When the conservative firebrand David Horowitz began thumping the tub for his Academic Bill of Rights, which would require professors to respect "a diversity of approaches to unsettled questions," he waged an energetic preemptive campaign against skeptics who worried that creationists, Holocaust deniers, flat earthers, and other fantasists might use such a law as a weapon. A student complaint about evolution instruction "is conceivable," Horowitz claimed in a Reason Online debate in 2003, "but under the Academic Bill of Rights it would be dismissed."
Maybe not. One of the first important efforts to pass legislation closely modeled on Horowitz's baby was made by a politician specifically opposed to the ascendance of Darwinian theory on campus. "Some professors say, 'Evolution is a fact. And if you don't like it, there's the door,'?" says Florida state Rep. Dennis Baxley (R-Ocala). Still bearing the scars of evolutionary teaching he endured in his days as a Florida State student, Baxley last spring introduced a bill that would prevent teachers from punishing students for professing beliefs with which teachers disagree, and advise professors to teach alternative "serious academic theories."
The bill got Baxley considerable attention–and mockery–at the national level. Horowitz lost no time urging Florida legislators to pass the bill, to no avail: The legislation died quietly in the Florida House.

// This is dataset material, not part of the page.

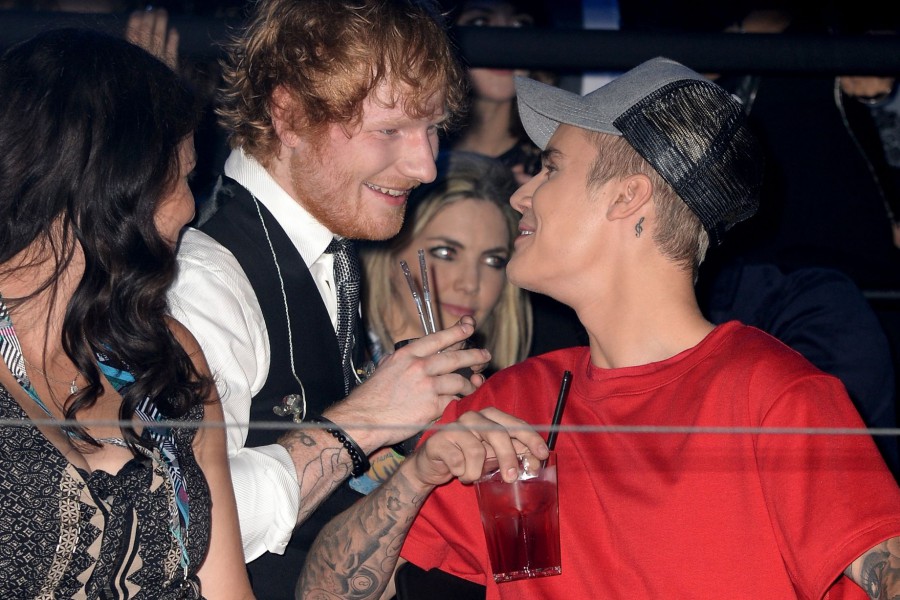 Эд Ширан ударил Джастина Бибера клюшкой для гольфа!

Baxley, however, is undeterred. "I can lose in the courts. I can lose in the Legislature. But this isn't going away," he told a local paper. More than a dozen other states, as well as the U.S. Congress, are now considering similar bills. And not a moment too soon: Cold fusion, Andy Kaufman assassination theories, and the scandalously overlooked evidence that Jews are distributing poisoned orange juice in black neighborhoods have been ignored by the liberal college establishment for far too long.